OK, so this little piece of advice from Michelle Singletary is hysterical. She writes blase advice columns and this one happens to have a kernel of uselessness on the topic of student loan debt. But I know exactly why she writes fluff - because the WP is kept afloat by Kaplan. So, the WP either talks about happy-go-luck grads who have no debt or they write about extraordinary cases like this one. I have to quote the snippet in its entirety:
Frustrated in D.C.: Dear Michelle, I do appreciate your advice. However, you say to pay off all your significant debt before making any major purchases, such as a house. That means I'll be 50 (right now I'm 30) before I pay off my student loans and can buy a house! There goes my motivation to pay off my debt! What to do? My budget is already trimmed and I'm not saving any money for the future.

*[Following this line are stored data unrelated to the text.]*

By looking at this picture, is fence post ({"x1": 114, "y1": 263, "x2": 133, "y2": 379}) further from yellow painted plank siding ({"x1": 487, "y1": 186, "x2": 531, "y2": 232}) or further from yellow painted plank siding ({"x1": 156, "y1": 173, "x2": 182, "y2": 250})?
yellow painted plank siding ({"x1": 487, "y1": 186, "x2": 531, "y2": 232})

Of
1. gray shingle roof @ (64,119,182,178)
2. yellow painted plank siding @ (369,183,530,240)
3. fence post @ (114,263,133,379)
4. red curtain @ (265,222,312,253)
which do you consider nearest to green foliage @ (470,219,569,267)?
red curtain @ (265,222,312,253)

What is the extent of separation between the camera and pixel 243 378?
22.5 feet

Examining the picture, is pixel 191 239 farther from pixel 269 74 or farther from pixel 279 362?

Michelle Singletary: I know what I'm proposing is tough. And it's different.
But it can be done and before you turn 50. Just recently I had an award ceremony for the financial ministry I direct at my church.

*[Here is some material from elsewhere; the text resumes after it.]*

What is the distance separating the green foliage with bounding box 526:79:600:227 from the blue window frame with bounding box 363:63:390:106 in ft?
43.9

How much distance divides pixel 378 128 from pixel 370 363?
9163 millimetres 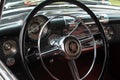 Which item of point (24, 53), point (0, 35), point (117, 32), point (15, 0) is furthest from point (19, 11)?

During the program, one participant, whose husband is an educator, testified that they had gotten rid of $60,000 in student loan debt in TWO YEARS. This was debt the husband thought he would take to his grave. They weren't earning boatloads of money.
How did they do it?
The wife took all her bonuses and helped apply it to the debt. They cut their expenses -- like skipping taking vacations. They participated in the 21-day financial fast I developed (in this you don't spend money on anything that is not a necessity). They stop using credit cards.
Two years and $60,000.
Many of us cried.
What I'm asking you do to is move into your home as debt-free as possible. Get rid of that student loan bondage and when you get that house it will be so wonderful.

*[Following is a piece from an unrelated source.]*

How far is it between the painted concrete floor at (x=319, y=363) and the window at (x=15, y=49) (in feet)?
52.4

I think it's wonderful that this wife and husband were able to get out of debt. That's great for them! But I'd like to know why Michelle Singletary hasn't written any pieces that take a look at the macro implications of the student lending crisis - what about the hundreds of thousands of people who are drowning in student loan debt? What about the ones who can't have children because of their degrees? What about parents or grandparents who co-signed on private loans? What about the cases in which students were misled by financial aid officers on campus and directed to take out the wrong loans? I'd like to know about the 7,000 nurses and teachers in Kentucky who were denied loan forgiveness - what's been done to help those families? These are all topics - among many more - I'd prefer reading about because these anecdotes about a couple that Ms. Singletary happens to know in her Church aren't newsworthy. In fact, it doesn't say a damned thing about the actual crisis. Also, I have news for Ms. Singletary, most people who are drowning in student loan debt aren't taking any vacations. They aren't even able to put food on the table.